HSK vermisst „sachliches Interesse“
In 24 Fällen hat der Hochsauerlandkreis es im vergangenen Jahr abgelehnt, das Dokument auszustellen. Die Behörde bestreitet, dass die Reichsbürger ein so genanntes „sachliches Interesse“ an der Bescheinigung haben. „Daran fehlt es, wenn ein Bestehen der deutschen Staatsbürgerschaft nicht zweifelhaft ist und insbesondere von öffentlichen Stellen nicht bestritten wird“, teilte der Hochsauerlandkreis auf Nachfrage unserer Zeitung mit. In vier Fällen zogen die Reichsbürger jetzt vor das Verwaltungsgericht und klagten gegen die Behörde.

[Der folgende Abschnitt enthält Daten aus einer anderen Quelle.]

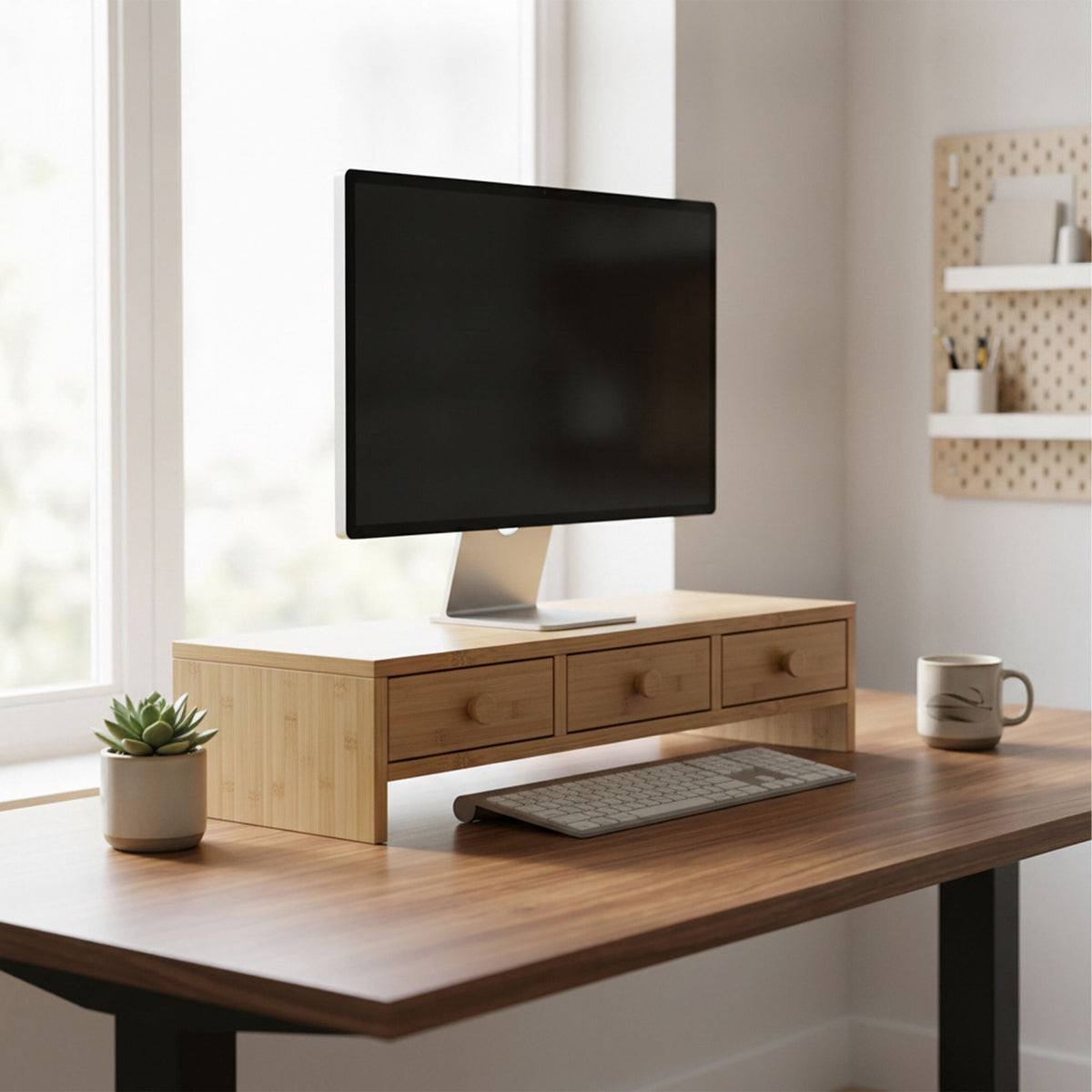 Monitor Stand with 3 Drawers, Wood Look, MDF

Gericht sieht keine Zweifel
Ihre Klagen wurden abgewiesen. Grundsätzlich könne jeder einen Antrag auf Ausstellung eines Staatsangehörigkeitsausweises stellen, das sei auch gesetzlich so vorgesehen, sagte Richterin Hellen Fischer. Es habe in den verhandelten Fällen aber keine Zweifel an der deutschen Staatsangehörigkeit bestanden. Mit anderen Worten: Der Hochsauerlandkreis hatte die Anträge der Reichsbürger zu Recht zurückgewiesen.

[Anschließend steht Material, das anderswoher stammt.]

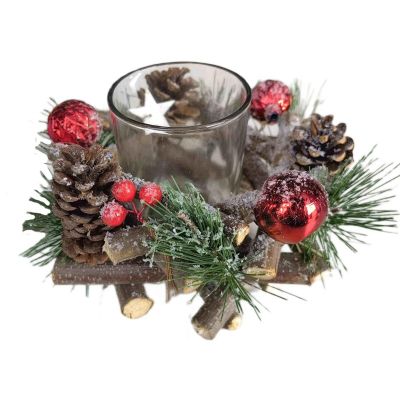 4. Dekorativer Kerzenständer 16x9cm Holz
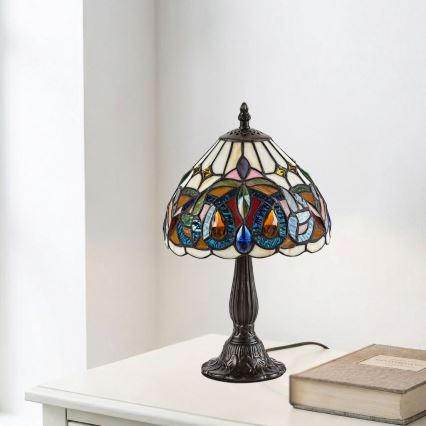 Brilagi - Tiffany-Buntglas-Tischlampe LUISA 1xE14/40W/230V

Das Arnsberger Verwaltungsgericht überzeugte auch nicht die Argumente der Kläger, etwa: dass die Bundesrepublik in Wahrheit eine Aktiengesellschaft sei. „Wenn diese Firma in Konkurs geht, haben wir keinen Nachweis, dass wir Deutsche sind“, ließen die Reichsbürger verlauten. Andere erklärten, sie benötigten einen Staatsangehörigkeitsausweis zum Erwerb von Grundstücken im Ausland, etwa auf Bali in Indonesien. Warum dafür Personalausweis oder Reisepass nicht ausreichten, erschloss sich dem Gericht nicht.
Bundesstaat Preußen
In einer weiteren Reihe von Prozessen wird gegen die Bezirksregierung Arnsberg geklagt: Sie hatte es abgelehnt, Deutsche aus der Staatsbürgerschaft der Bundesrepublik zu entlassen. Begründet hatten die Reichsbürger ihre Forderung damit, dass sie bereits eine andere Staatsbürgerschaft besitzen: Dabei nannten sie - wie oft in solchen Verfahren - die preußische Staatsangehörigkeit oder den Bundesstaat Preußen. Auch hier blitzten sie vor dem Verwaltungsgericht ab: Die Klage sei unzulässig, weil offensichtlich ausgeschlossen sei, dass eine weitere Staatsbürgerschaft vorliege. Preußen besteht seit 1945 nicht mehr.
Nächste Instanz möglich
Es war das erste Mal, dass das Verwaltungsgericht in Arnsberg geballt mit dieser Form von Prozessen beschäftigt war, weitere sind aber angekündigt. Und auch die nächste Instanz, das Oberverwaltungsgericht, könnte bald Bekanntschaft mit den Reichsbürgern machen: Eine Berufung ist zugelassen, das bedeutet, dass auf Antrag der Kläger vor der nächst höheren Instanz in Münster erneut verhandelt werden müsste.
Weitere Informationen
Reichsbürger glauben an unterschiedliche Verschwörungstheorien: Sie alle verbindet, dass sie die Bundesrepublik Deutschland nicht als souveränen, eigenständigen Staat anerkennen. Einige der Anhänger glauben, dass das Deutsche Reich rechtlich weiter fortbesteht, andere sehen sich weiterhin als Staatsangehörige des alten Preußen. Durch diese Argumentation sammeln sich auch Rechtsextreme in dieser Gruppierung.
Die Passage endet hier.